Strange behaviour of a pdf-to-text conversion

I'm trying to convert a pdf document in .txt using pdftotext on a linux mint machine. The document is written in english but the output text result something like this:
23!,&/$!%+!,#$!AB&017"*&7!"-M')(!-)!gE*X/-&$!$-&23!')!,#$!
(-.$1!/*/-223!(/-&-)E ,$$*!,#-,!,#$!%,#$&!C2-3$&!>'22!($,!
,#$!-9[-0$),!0%&)$&7!S/0#!-!*',/-,'%)!'*!*$$)!')!V'-E
(&-.!Z7!I,!'*!##',$8*!,/&)1!D/,!)%!.-,,$&!>#$&$!##',$!(%$
*1!^2-0M!>'22!D$!-D2$!,%!+2'C!,#$ 9'*0!%)!,#$!gE*X/-&$!N(
KO!-)9!,-M$!,#$!#<!0%&
Is there an encoding problem? Maybe a wrong option in the command line?

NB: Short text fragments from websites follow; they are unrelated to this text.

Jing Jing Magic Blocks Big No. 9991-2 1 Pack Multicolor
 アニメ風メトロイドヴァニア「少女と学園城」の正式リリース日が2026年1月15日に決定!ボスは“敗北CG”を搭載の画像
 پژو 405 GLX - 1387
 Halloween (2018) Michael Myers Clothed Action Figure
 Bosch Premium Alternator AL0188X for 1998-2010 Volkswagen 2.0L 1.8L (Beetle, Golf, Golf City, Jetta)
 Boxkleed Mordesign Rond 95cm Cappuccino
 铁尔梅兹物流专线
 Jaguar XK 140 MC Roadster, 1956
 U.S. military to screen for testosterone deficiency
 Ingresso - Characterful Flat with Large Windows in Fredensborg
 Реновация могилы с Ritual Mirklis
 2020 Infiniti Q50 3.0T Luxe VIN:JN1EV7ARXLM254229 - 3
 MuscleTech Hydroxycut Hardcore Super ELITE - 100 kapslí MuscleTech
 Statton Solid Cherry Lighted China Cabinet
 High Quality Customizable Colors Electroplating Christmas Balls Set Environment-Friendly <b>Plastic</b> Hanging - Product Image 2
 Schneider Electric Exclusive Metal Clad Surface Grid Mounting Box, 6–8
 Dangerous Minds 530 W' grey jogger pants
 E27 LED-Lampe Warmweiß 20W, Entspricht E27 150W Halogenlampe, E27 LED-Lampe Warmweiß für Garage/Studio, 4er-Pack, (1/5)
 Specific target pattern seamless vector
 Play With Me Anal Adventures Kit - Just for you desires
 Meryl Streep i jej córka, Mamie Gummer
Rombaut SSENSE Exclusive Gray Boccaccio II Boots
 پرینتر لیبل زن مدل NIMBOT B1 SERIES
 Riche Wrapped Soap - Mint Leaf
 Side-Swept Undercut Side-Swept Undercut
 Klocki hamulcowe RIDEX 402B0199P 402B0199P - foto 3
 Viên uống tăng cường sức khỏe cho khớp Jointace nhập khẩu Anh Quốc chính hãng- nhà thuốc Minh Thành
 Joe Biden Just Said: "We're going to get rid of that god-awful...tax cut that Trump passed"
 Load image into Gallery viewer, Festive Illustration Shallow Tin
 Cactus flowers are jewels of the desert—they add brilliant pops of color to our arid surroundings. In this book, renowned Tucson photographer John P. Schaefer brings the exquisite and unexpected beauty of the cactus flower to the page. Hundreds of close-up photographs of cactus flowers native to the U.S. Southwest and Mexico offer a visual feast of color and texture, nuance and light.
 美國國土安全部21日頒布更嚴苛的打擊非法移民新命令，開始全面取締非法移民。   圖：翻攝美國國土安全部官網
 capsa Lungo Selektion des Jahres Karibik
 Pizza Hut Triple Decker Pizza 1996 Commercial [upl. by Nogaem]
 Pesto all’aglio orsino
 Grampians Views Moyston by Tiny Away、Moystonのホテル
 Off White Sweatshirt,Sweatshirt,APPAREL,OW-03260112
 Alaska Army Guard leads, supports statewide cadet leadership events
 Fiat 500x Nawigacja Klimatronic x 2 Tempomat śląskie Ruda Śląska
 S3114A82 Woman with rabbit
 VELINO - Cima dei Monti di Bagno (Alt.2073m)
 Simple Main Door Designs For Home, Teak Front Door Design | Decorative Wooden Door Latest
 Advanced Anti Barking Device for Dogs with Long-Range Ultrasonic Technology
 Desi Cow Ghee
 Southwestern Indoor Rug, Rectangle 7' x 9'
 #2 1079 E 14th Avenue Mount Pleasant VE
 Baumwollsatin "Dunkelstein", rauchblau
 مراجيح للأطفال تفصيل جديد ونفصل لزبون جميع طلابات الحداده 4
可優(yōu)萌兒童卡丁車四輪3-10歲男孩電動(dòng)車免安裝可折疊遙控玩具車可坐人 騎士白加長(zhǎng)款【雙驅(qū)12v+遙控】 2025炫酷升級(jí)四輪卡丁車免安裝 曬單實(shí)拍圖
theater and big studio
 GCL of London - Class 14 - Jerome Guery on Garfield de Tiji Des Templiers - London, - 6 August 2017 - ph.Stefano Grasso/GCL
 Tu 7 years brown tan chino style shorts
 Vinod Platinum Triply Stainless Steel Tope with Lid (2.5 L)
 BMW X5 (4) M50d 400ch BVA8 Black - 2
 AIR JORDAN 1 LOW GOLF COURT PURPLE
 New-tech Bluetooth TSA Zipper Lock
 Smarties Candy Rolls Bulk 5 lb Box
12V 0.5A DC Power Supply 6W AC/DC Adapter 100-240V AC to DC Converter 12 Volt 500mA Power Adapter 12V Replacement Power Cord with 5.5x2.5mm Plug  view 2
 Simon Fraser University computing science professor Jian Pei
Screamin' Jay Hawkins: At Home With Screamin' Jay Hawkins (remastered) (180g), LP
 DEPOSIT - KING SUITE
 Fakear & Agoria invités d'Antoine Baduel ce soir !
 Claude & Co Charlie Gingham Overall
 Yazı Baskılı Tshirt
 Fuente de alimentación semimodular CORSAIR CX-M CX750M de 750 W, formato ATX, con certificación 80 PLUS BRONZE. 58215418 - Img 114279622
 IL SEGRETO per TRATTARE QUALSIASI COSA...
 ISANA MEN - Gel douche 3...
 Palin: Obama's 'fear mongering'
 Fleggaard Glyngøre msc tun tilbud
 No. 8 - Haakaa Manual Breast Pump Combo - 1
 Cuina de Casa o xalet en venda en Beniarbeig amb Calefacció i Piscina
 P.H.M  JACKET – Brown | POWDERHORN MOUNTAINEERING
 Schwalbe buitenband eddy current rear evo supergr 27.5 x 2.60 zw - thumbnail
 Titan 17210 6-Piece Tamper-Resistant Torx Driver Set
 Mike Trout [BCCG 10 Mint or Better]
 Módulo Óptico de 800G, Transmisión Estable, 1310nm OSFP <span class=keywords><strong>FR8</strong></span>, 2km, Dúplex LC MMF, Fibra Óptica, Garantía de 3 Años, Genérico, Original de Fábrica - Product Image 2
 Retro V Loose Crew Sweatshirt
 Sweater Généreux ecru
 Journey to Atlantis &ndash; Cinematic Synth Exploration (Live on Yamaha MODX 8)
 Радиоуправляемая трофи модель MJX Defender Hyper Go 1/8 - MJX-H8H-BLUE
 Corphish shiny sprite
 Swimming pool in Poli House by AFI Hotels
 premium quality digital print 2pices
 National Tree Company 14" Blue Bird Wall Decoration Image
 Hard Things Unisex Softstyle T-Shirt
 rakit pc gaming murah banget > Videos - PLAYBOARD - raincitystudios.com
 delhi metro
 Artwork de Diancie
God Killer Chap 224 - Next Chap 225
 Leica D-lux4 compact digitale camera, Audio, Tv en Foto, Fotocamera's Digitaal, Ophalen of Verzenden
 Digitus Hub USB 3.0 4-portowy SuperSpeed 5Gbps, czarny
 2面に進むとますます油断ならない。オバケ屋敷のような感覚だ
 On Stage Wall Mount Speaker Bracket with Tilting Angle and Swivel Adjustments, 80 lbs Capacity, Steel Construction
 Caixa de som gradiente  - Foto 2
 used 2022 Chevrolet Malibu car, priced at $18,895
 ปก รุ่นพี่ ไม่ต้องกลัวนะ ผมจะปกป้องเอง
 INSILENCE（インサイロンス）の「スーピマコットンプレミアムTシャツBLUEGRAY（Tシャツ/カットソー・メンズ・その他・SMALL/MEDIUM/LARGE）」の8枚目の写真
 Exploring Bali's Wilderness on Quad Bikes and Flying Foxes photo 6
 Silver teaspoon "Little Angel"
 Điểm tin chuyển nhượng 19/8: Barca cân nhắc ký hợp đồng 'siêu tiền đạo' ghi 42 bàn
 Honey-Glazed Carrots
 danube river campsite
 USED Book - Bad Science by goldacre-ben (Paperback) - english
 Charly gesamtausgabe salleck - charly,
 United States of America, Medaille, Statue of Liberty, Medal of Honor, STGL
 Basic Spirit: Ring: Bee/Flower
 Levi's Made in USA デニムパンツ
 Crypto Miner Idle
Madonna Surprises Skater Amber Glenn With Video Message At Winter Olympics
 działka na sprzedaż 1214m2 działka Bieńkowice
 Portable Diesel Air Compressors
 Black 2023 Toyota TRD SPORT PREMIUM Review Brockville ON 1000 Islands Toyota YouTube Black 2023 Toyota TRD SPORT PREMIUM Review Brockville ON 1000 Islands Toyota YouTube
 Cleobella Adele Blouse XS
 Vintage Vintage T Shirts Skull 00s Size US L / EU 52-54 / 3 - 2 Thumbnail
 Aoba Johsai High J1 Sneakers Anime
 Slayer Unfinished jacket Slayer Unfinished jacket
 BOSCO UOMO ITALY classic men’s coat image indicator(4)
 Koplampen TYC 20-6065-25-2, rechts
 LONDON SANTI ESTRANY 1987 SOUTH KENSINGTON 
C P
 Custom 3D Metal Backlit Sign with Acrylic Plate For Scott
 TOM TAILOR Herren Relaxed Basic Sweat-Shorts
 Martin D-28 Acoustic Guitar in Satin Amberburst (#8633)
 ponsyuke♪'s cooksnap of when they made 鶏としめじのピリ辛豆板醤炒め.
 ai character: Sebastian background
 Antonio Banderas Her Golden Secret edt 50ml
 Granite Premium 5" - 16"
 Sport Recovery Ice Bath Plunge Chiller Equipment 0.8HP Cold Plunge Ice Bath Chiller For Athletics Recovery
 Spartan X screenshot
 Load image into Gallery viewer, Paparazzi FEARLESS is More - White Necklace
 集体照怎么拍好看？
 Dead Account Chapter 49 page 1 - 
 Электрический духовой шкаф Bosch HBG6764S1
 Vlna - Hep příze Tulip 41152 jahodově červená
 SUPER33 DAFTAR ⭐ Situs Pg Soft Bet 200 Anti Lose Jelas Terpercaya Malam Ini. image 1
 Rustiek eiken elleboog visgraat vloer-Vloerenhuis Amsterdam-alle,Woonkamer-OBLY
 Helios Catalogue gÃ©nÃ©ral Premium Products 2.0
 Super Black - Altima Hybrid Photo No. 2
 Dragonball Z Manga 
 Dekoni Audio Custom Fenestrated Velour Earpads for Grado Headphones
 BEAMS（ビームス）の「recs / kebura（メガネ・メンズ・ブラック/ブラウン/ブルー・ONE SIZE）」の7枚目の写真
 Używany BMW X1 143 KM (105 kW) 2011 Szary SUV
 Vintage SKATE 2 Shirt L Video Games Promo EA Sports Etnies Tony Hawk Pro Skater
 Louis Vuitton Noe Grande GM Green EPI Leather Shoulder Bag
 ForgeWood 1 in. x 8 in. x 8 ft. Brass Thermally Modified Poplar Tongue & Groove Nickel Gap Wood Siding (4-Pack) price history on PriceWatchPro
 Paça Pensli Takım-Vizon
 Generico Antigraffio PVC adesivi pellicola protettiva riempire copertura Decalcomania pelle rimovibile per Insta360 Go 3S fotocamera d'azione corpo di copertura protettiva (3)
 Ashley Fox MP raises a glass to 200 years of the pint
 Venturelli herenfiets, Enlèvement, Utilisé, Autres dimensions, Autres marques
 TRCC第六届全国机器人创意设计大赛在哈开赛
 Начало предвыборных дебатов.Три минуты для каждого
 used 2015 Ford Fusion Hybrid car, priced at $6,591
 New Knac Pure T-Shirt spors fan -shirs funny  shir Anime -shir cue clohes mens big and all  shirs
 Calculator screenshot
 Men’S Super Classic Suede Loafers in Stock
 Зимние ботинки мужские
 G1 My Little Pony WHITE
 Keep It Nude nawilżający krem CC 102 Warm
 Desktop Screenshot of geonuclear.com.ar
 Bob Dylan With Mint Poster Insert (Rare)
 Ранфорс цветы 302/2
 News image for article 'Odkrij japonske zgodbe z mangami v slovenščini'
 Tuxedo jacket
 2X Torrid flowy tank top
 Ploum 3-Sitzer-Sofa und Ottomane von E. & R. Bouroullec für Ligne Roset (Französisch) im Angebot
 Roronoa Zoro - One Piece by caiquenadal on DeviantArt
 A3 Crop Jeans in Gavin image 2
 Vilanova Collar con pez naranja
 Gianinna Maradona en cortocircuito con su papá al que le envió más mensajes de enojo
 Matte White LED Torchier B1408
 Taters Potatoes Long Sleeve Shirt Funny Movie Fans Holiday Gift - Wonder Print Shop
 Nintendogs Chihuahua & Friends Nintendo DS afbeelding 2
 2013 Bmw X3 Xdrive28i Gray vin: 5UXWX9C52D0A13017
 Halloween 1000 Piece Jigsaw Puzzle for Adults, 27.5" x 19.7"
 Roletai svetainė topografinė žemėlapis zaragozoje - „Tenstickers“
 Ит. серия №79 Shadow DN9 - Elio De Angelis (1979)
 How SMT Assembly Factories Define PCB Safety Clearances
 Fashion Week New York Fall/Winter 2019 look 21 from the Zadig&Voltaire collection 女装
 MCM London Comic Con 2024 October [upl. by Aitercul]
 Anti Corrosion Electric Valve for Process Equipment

Edit: the problem is the same even if I try to copy a bunch of text from the pdf document end paste it in a text document.
Edit #2: The Producer pdf property is: Mac OS X 10.5.6 Quartz PDFContext, the encoding for most of the fonts is WinAnsi or MacRoman. Maybe this can help.